> _Exercise goal_:
Taking the data below, please print only the lines from the line holding "Here we can" to the line holding "The geographic data", inclusive, with pictures omitted.

> _The data_:
----

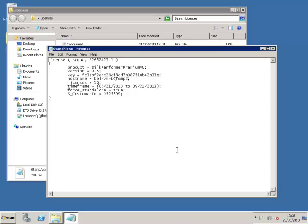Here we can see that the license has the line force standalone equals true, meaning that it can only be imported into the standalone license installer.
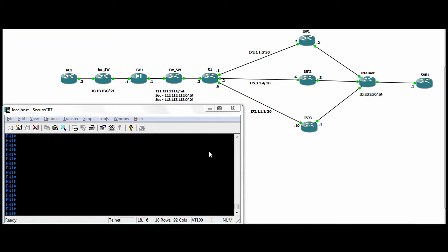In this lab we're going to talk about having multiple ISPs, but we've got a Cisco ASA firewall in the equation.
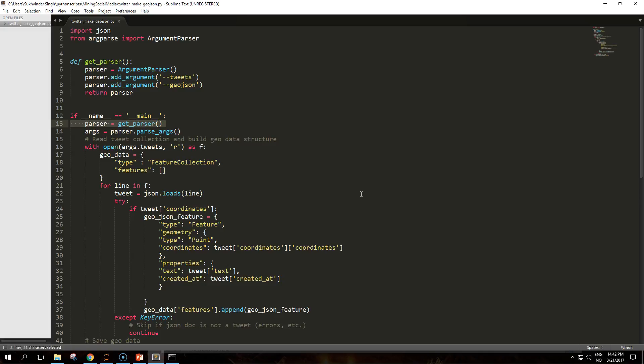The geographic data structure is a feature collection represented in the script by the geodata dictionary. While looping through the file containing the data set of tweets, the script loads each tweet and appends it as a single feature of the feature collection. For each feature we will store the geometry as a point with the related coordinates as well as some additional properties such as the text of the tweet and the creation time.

----

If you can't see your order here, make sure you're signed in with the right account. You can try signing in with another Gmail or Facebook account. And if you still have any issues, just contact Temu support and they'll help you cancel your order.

----

> _Expected output_:
Here we can see that the license has the line force standalone equals true, meaning that it can only be imported into the standalone license installer.
In this lab we're going to talk about having multiple ISPs, but we've got a Cisco ASA firewall in the equation.
The geographic data structure is a feature collection represented in the script by the geodata dictionary. While looping through the file containing the data set of tweets, the script loads each tweet and appends it as a single feature of the feature collection. For each feature we will store the geometry as a point with the related coordinates as well as some additional properties such as the text of the tweet and the creation time.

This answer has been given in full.